Mohammed had always enjoyed Ramadan in the company of family and friends in Jordan — a Muslim-majority country in the Middle East. He was curious what it might be like to fast in places where Muslims were in the minority or where daylight hours extended late into the night, extending the fasting period beyond the limits he was used to.
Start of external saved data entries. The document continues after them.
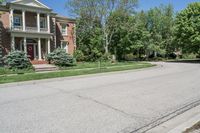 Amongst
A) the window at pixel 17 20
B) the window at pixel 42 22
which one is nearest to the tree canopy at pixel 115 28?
the window at pixel 42 22

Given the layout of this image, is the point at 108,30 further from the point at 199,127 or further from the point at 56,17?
the point at 199,127

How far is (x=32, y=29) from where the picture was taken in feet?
96.6

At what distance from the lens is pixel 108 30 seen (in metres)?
37.4

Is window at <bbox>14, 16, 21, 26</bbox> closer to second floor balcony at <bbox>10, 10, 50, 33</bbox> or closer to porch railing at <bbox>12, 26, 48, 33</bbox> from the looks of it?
second floor balcony at <bbox>10, 10, 50, 33</bbox>

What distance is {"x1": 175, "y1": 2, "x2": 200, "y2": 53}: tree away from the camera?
126 feet

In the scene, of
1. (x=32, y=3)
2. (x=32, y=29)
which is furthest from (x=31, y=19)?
(x=32, y=3)

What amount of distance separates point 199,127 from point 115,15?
103 ft

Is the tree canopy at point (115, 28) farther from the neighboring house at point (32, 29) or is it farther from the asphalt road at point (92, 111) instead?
the asphalt road at point (92, 111)

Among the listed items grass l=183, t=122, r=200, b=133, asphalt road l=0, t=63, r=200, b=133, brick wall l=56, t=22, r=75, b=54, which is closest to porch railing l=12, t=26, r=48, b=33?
brick wall l=56, t=22, r=75, b=54

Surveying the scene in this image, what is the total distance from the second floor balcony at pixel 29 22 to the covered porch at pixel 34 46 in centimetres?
123

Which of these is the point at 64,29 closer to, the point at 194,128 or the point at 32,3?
the point at 32,3

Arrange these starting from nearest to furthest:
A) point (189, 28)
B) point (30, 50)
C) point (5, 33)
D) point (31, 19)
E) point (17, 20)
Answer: point (5, 33)
point (17, 20)
point (31, 19)
point (30, 50)
point (189, 28)

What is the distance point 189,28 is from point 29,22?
81.7 ft

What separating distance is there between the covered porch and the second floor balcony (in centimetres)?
123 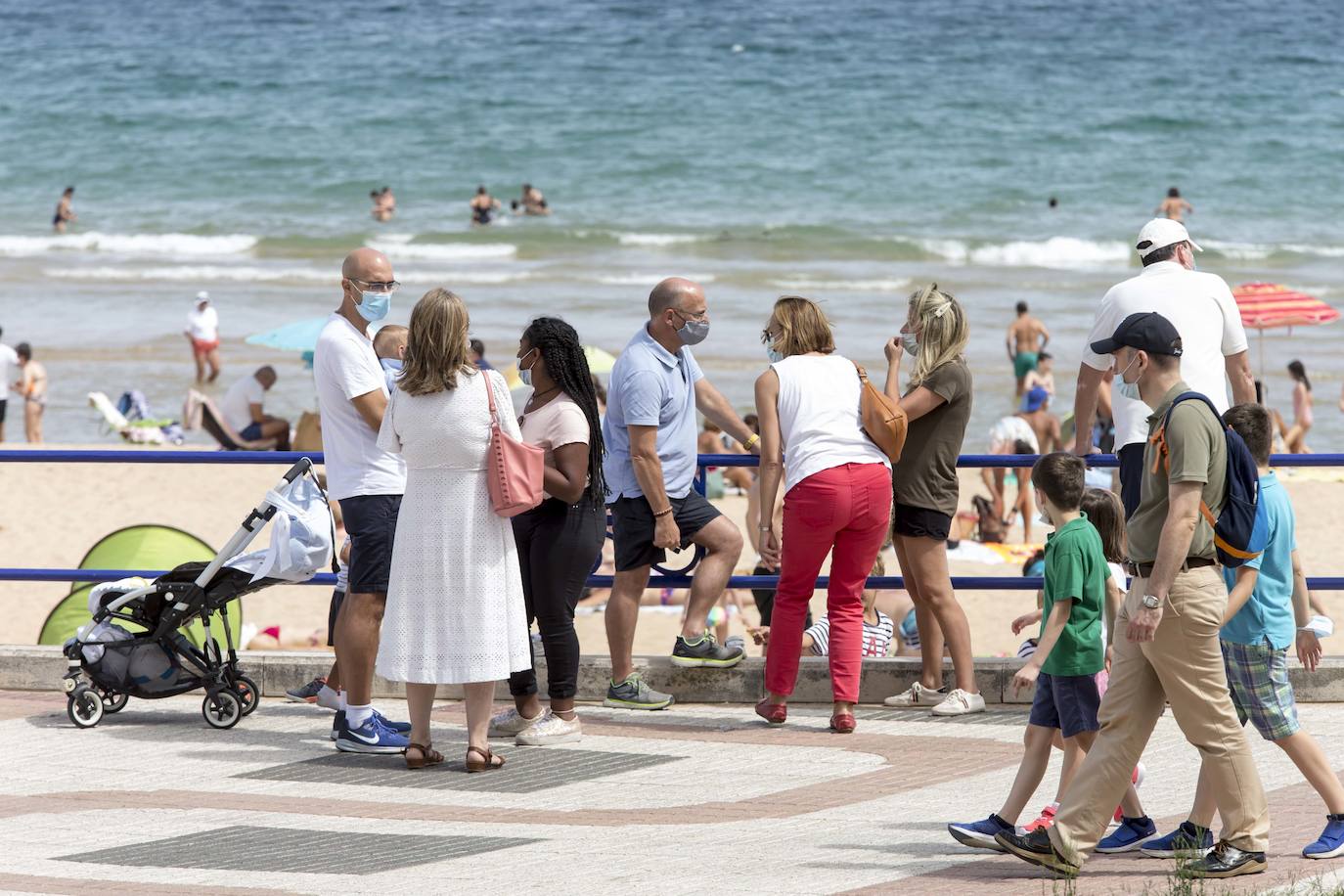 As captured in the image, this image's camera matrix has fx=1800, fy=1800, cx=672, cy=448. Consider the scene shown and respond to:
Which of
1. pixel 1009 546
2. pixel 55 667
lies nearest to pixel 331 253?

According to Islamic tradition, fasting is required during Ramadan, the ninth month of its lunar calendar. In 2022, Ramadan is likely to start on April 2. For thirty days, those fasting are obligated to abstain from drinking, eating, or engaging in other indulgent activities (like sex, smoking, and activities considered sinful) from just before sunrise to sunset. Depending upon where you are in the world, that can mean fasting 10 or up-to-21 hours. It was the idea of fasting for such a potentially long time that prompted Mohammed’s ponderous question about fasting in Siberia.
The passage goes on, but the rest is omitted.